Allah Subhanahu wa Ta’ala berfirman :
قُلْ إِنَّمَا
حَرَّمَ رَبِّيَ الْفَوَاحِشَ مَا ظَهَرَ مِنْهَا وَمَا بَطَنَ وَالْإِثْمَ
وَالْبَغْيَ بِغَيْرِ الْحَقِّ وَأَنْ تُشْرِكُوا بِاللَّهِ مَا لَمْ يُنَزِّلْ
بِهِ سُلْطَانًا وَأَنْ تَقُولُوا عَلَى اللَّهِ مَا لَا تَعْلَمُونَ
Katakanlah, “Rabbku hanya
mengharamkan perbuatan yang keji, yang nampak maupun yang tersembunyi, dan
perbuatan dosa, melanggar hak manusia tanpa alasan yang benar, (mengharamkan)
mempersekutukan Allah dengan sesuatu yang Allah tidak menurunkan hujjah untuk
itu dan (mengharamkan) mengada-adakan terhadap Allah apa saja yang tidak kamu
ketahui (berbicara tentang Allah tanpa ilmu)” [al-A’raf/7:33]

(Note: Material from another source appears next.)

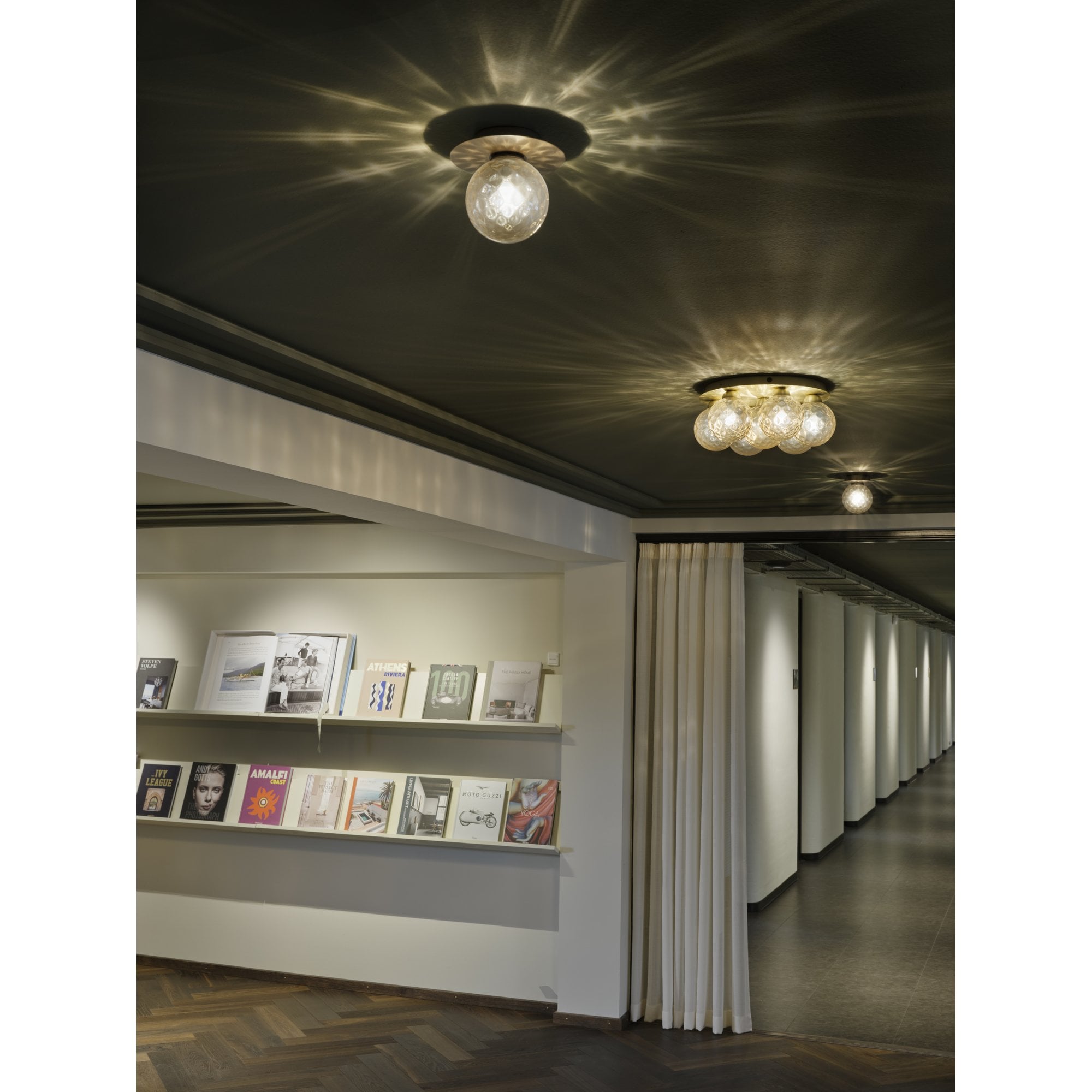 Nuura Apiales 7 Light Plafond Flush Light - Brushed Brass & Optic Gold Glass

Syaikh Abdul Aziz bin Abdullah bin Baz rahimahullah
mengatakan, “Berbicara tentang Allah tanpa ilmu termasuk perkara terbesar yang
diharamkan Allah. Bahkan itu lebih tinggi dari perbuatan syirik. Karena dalam
ayat tersebut Allah Azza wa Jalla mengurutkan perkara-perkara yang diharamkan
mulai dari yang paling rendah ke yang paling tinggi. Berbicara tentang Allah
tanpa ilmu, meliputi berbicara (tanpa ilmu) tentang hukum-hukum Allah,
syari’at-Nya dan agamaNya. Termasuk berbicara tentang nama-nama dan sifat-sifat
Allah Azza wa Jalla . Ini lebih besar dosanya daripada berbicara (tanpa ilmu)
tentang syari’at dan agama Allah Azza wa Jalla .”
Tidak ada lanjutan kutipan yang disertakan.